Nice cassein surprise,b4 bed then!

I got more gains of steak than any other food.


----------



## GeordieSteve

That's what I wanted to hear! I'm buying me a cow and biting chunks off when needed!


----------



## Heath

You guys buy the cheap mince or the leaner mince?


----------



## TAFFY

steak/steak/steak i eat more red meat if you wan up your calories but variety is what you want chicken/turkey/fish/red meat/lean pork get it all down you:thumb:


----------



## biglbs

MutantX said:


> You guys buy the cheap mince or the leaner mince?

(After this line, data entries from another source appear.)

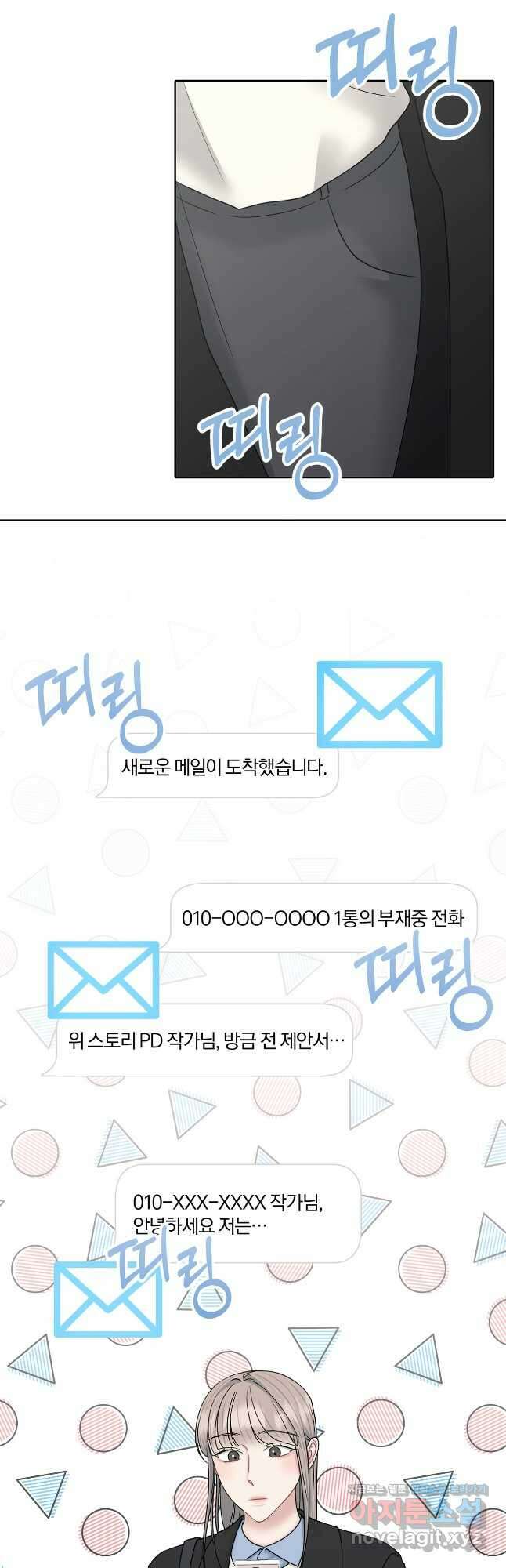 상사가 나를 덕질한다 71화 37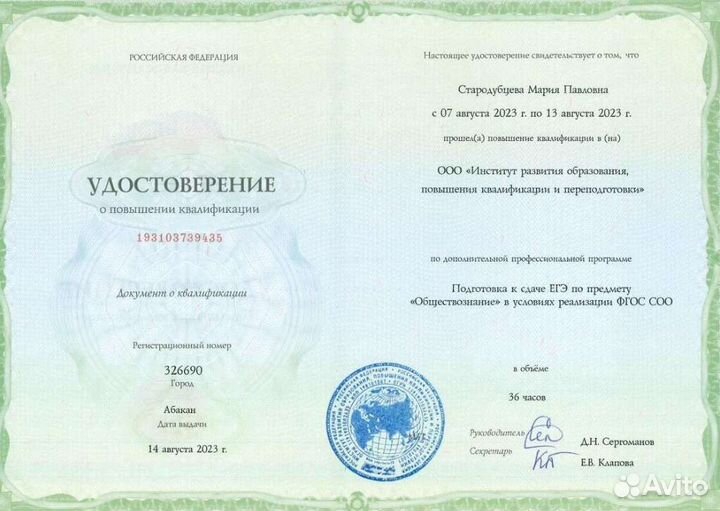 Репетитор по обществознанию и истории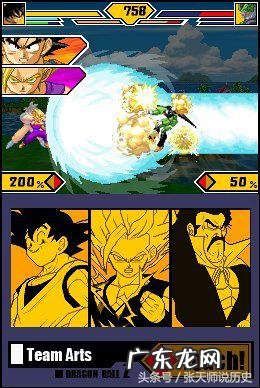 端游龙珠格斗游戏 龙珠网络游戏大全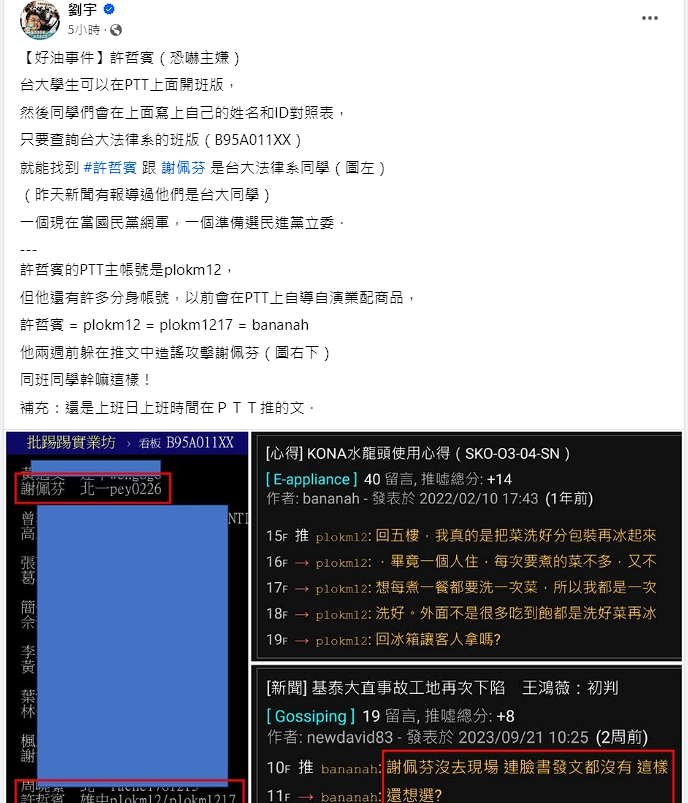許哲賓的PTT帳號已被起底。(翻攝自四叉貓臉書)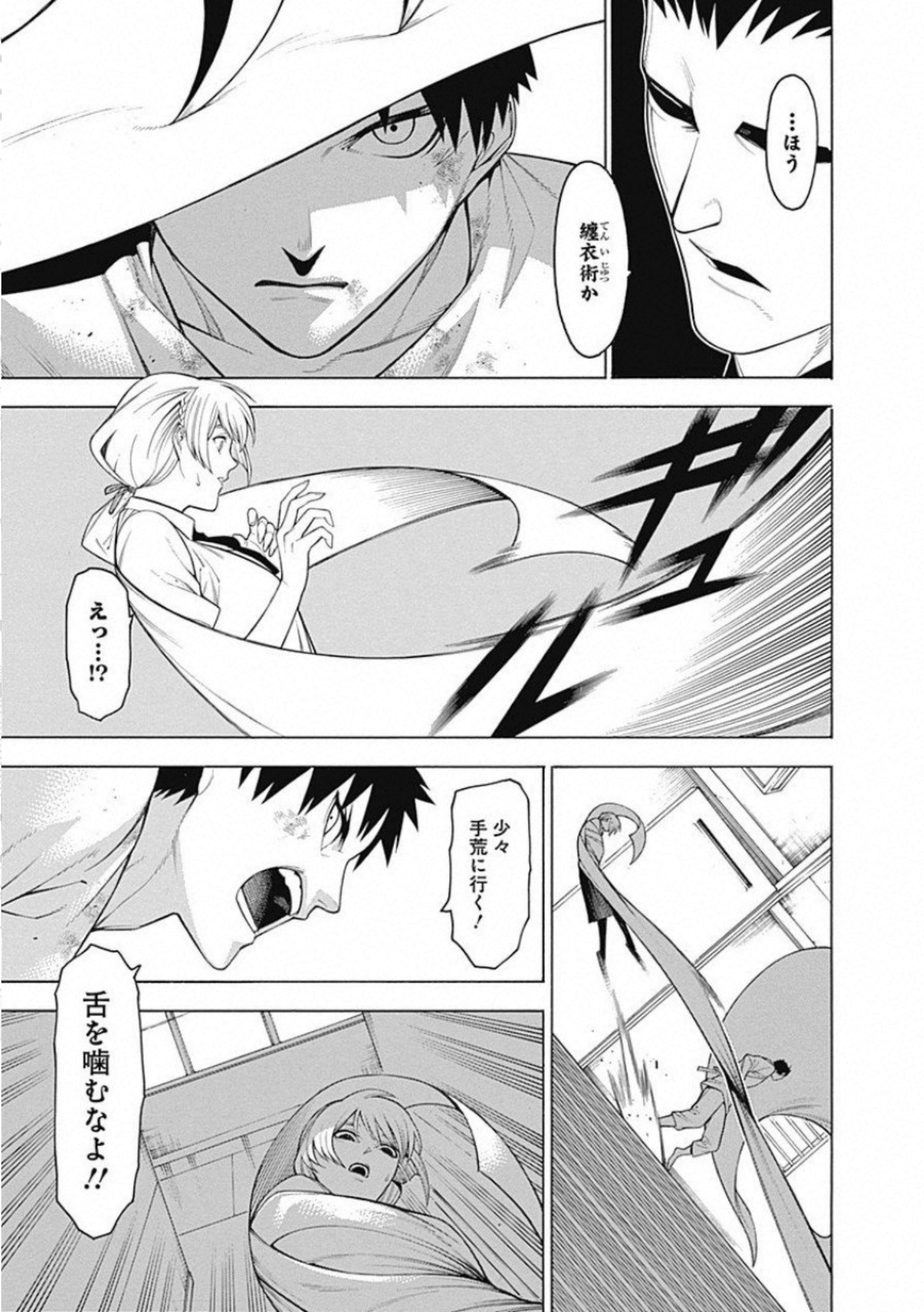 Mononogatari - Chapter 56 - Page 7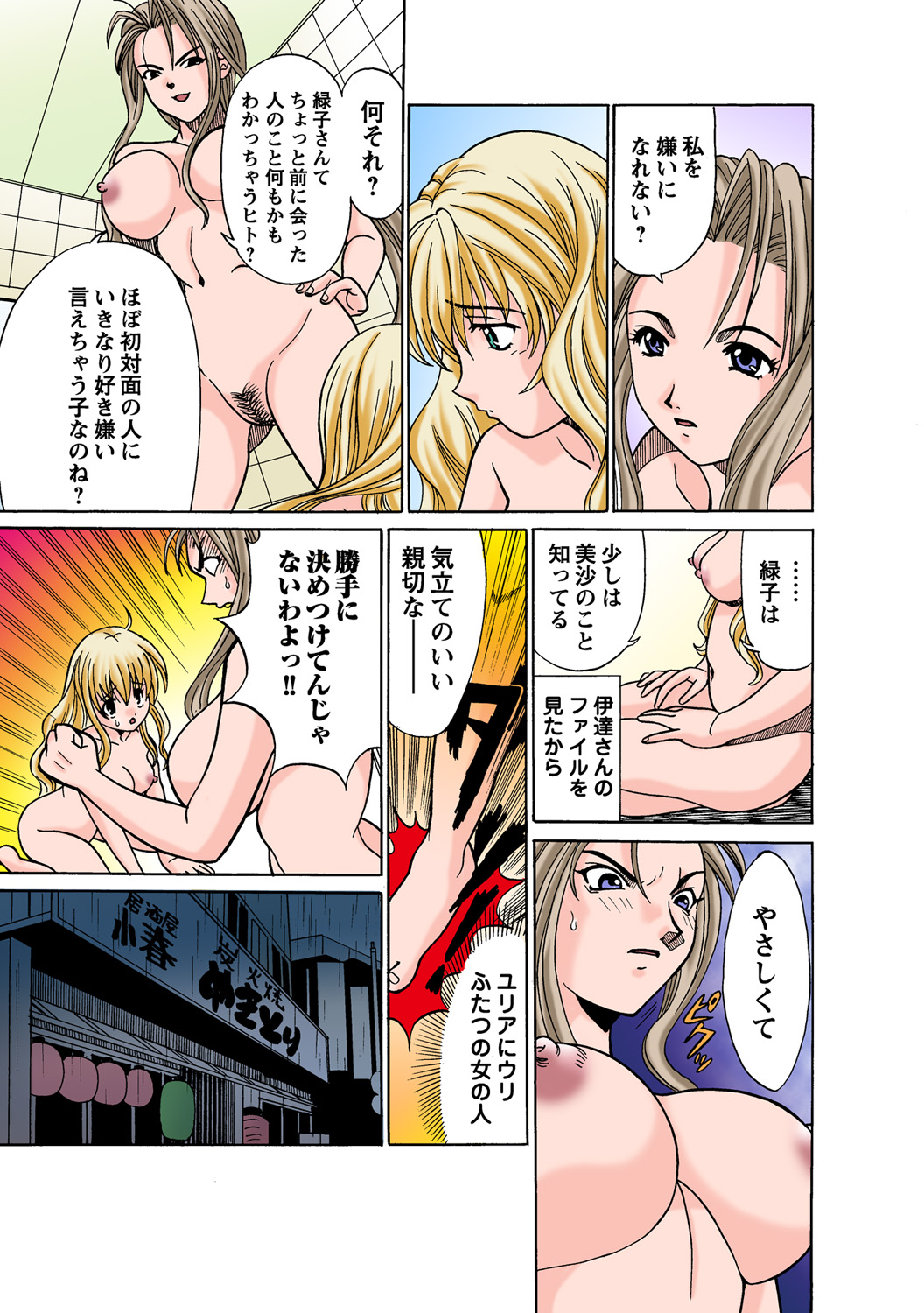 HiME-Mania Vol. 52 - Page 79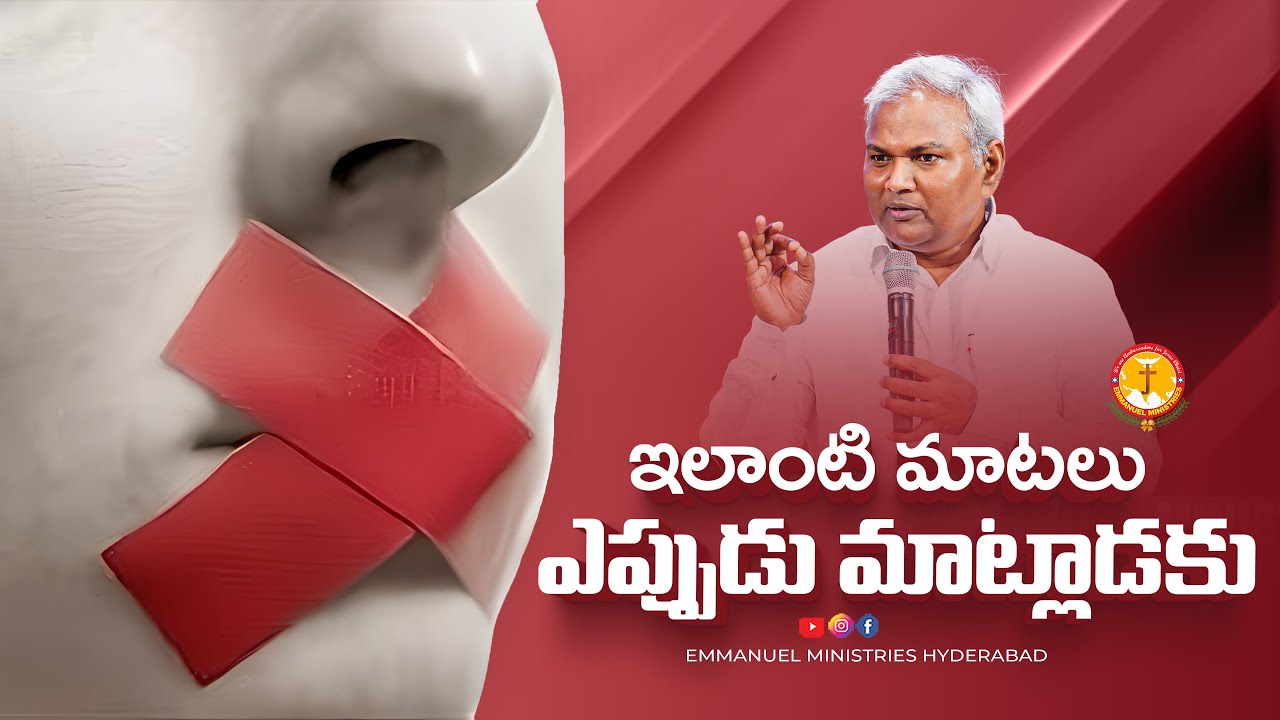 ఇలాంటి మాటలు ఎప్పుడు మాట్లాడకు... |Pas B.Jeremiah|EmmanuelMinistriesHyderabad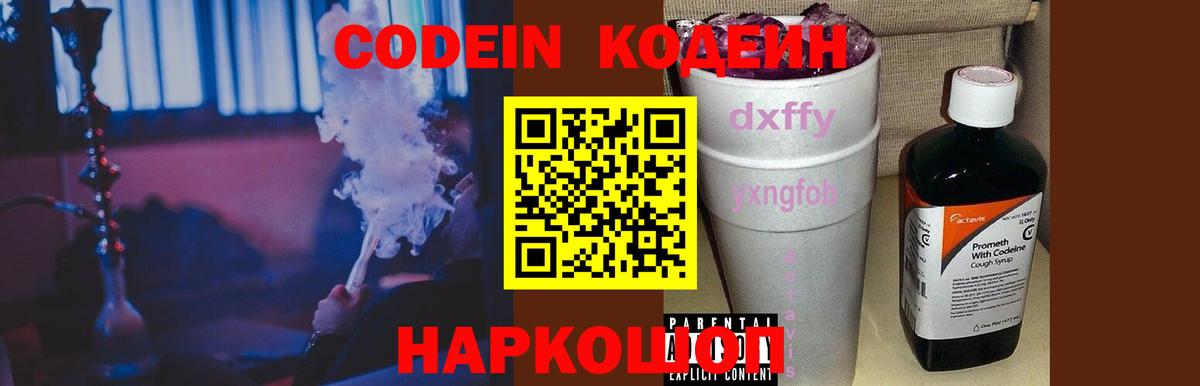 Кодеиновый сироп Lean напиток Lean (лин) Ростов-на-Дону
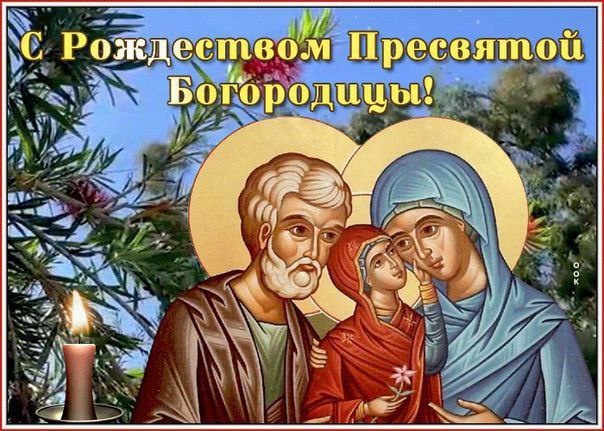 Рождество Пресвятой Богородицы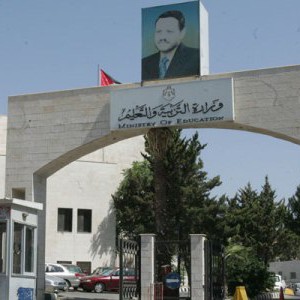 "التربية" تنفي تحديد الجمعة القادم موعدا لاعلان نتائج الثانوية العامة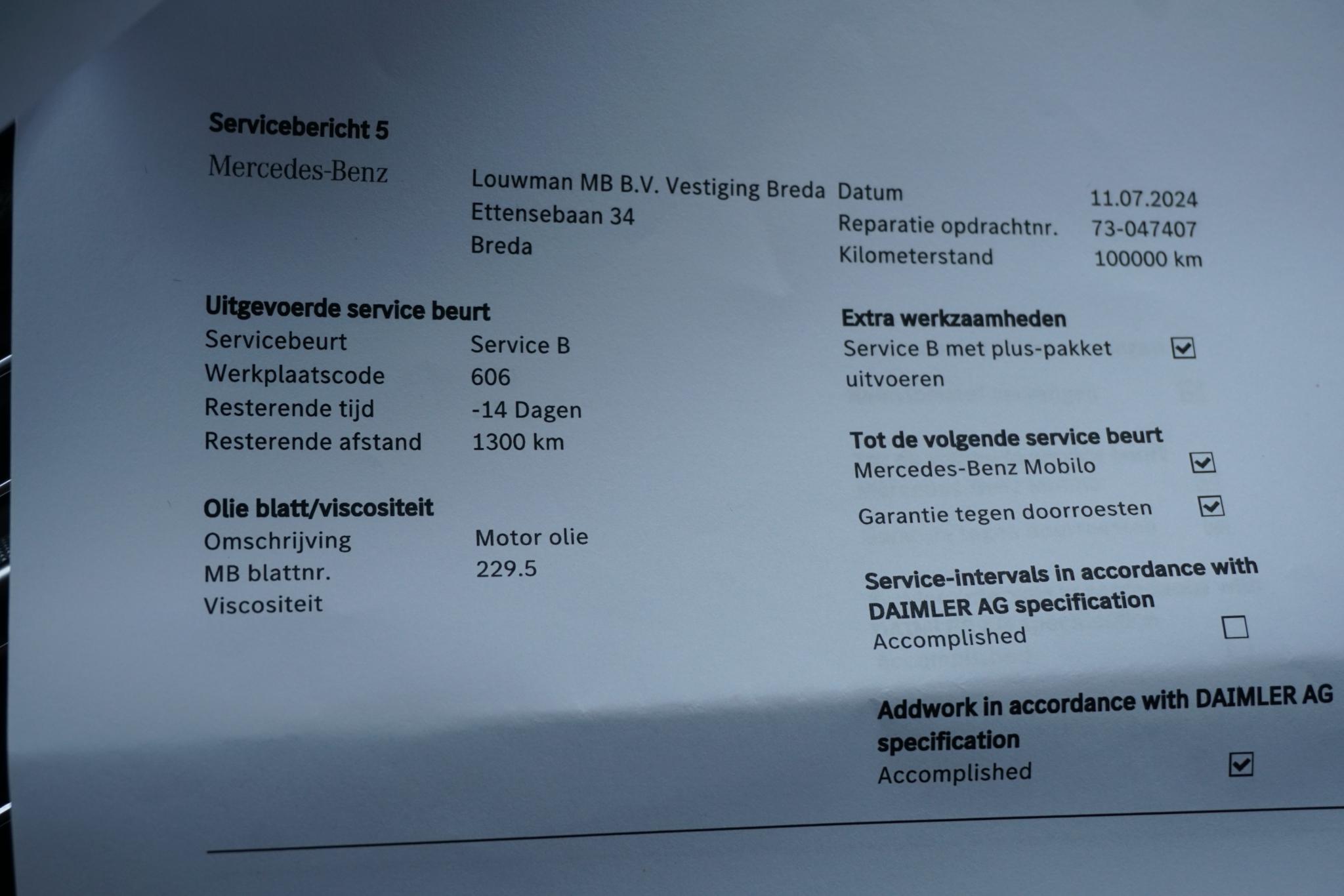 Foto van Mercedes-Benz E 200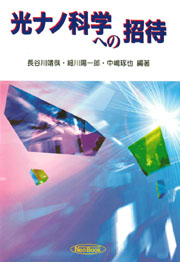 光ナノ科学への招待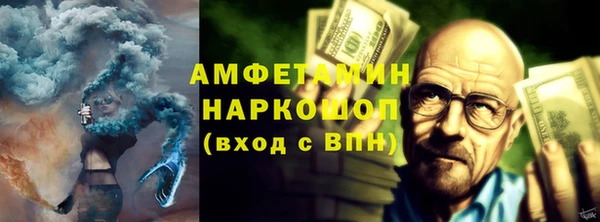 mix Абаза
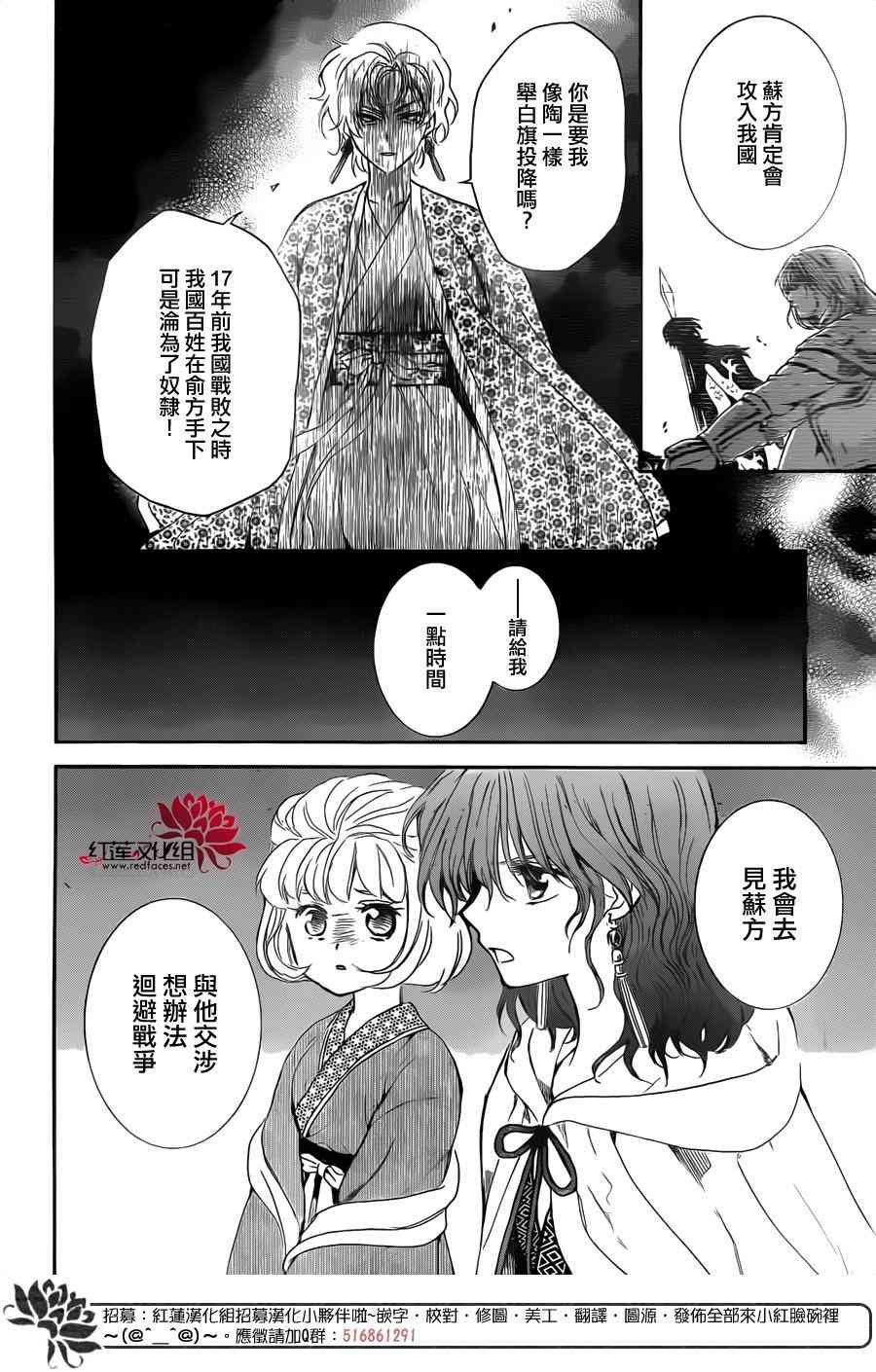 第133话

Whole steak and cut it into portions,from w/saler


----------



## LunaticSamurai

I'd go with beef for bulking for the creatine content.


----------



## Sharp161

I see a vid somewhere of mark dugdale he actually bought a cow from a farm had it slaughtered then went in his massive American SUV and literally filled the entire thing up with meat!


----------



## Heath

biglbs said:


> Whole steak and cut it into portions,from w/saler


I might just go and buy a cow for my garden lol


----------



## H22civic

MutantX said:


> You guys buy the cheap mince or the leaner mince?


I buy tescos lean steak mince, its pretty cheap. 2.8kg for £12.


----------



## Heath

H22civic said:


> I buy tescos lean steak mince, its pretty cheap. 2.8kg for £12.


Don't remember seeing that..

I got 1kg of organic mince for £6 at tescos tonight


----------